- AVAILABLE RECORDS:
..............................

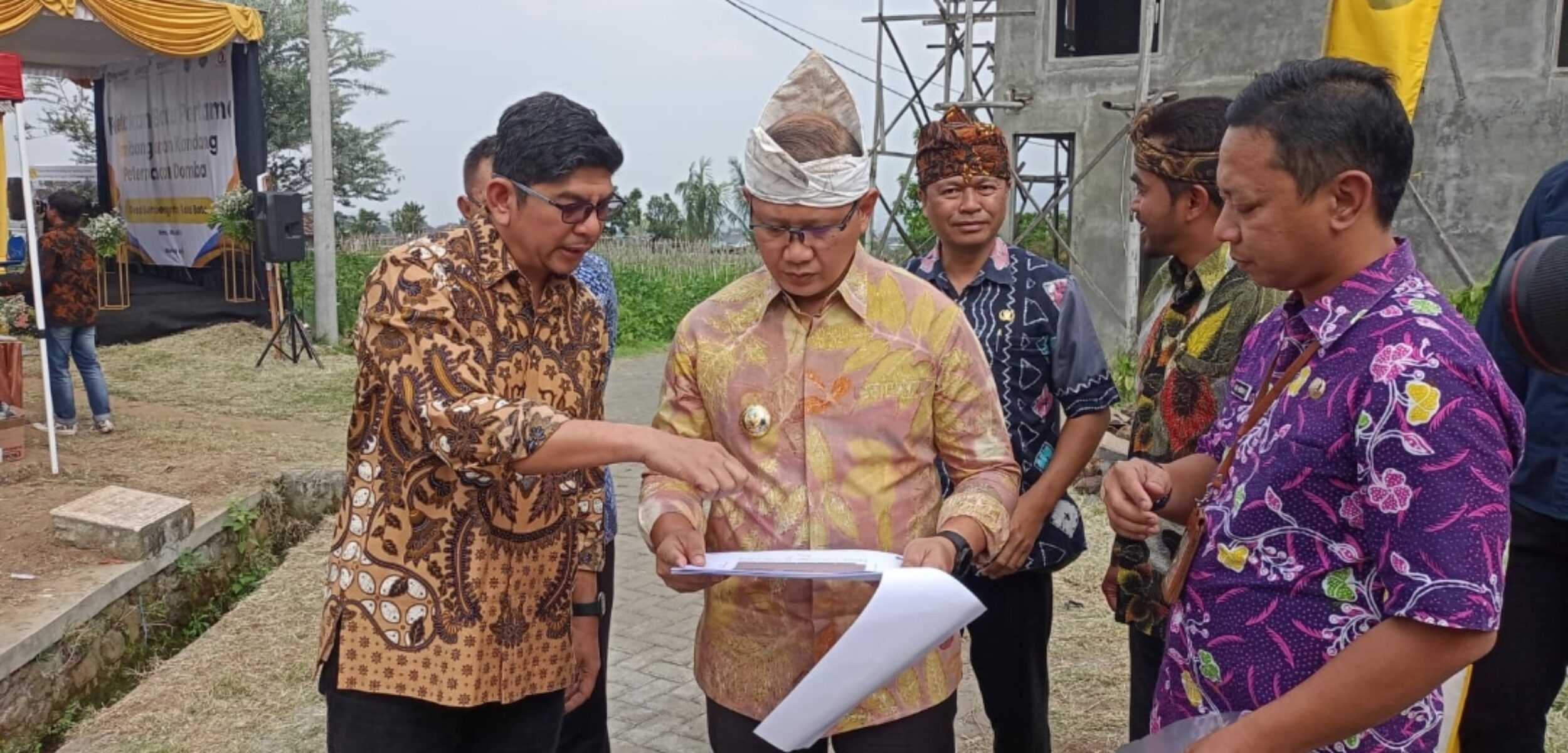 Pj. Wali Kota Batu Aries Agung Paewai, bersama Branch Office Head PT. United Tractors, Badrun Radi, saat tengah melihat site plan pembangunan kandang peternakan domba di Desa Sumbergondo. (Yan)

..............................

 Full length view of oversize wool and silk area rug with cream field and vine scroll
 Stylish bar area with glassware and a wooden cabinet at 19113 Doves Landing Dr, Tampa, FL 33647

..............................

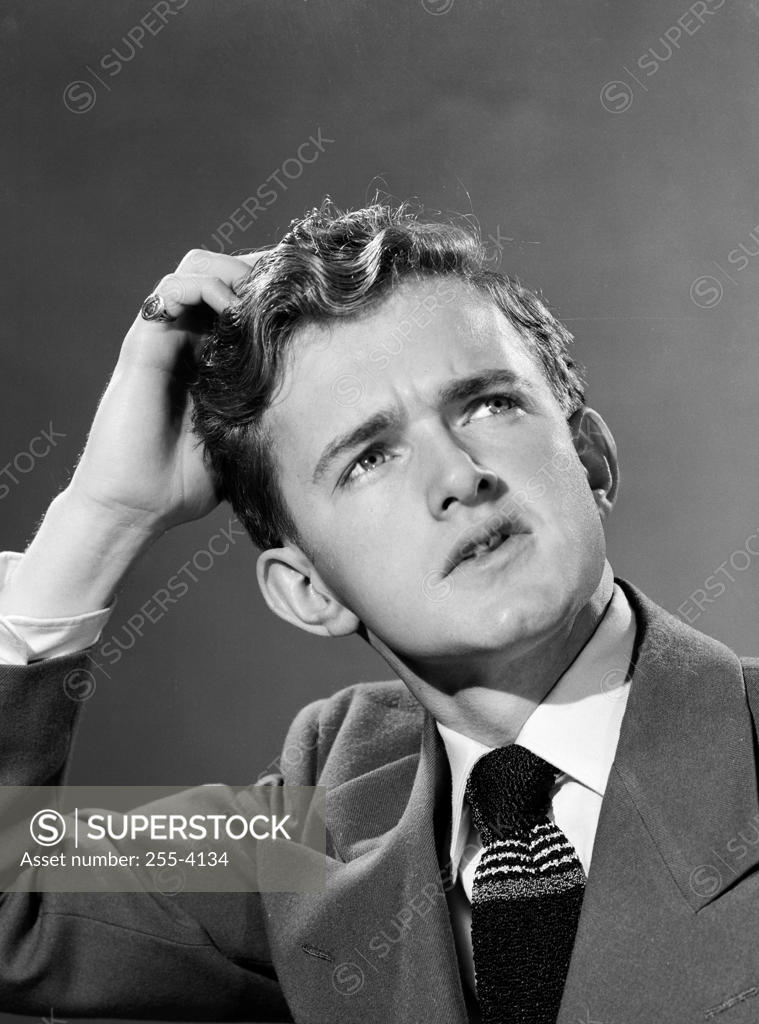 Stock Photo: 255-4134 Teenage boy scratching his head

..............................

- TASK BRIEF: Every line of the entries above that includes "area" should be copied.

- REPLY:
 Full length view of oversize wool and silk area rug with cream field and vine scroll
 Stylish bar area with glassware and a wooden cabinet at 19113 Doves Landing Dr, Tampa, FL 33647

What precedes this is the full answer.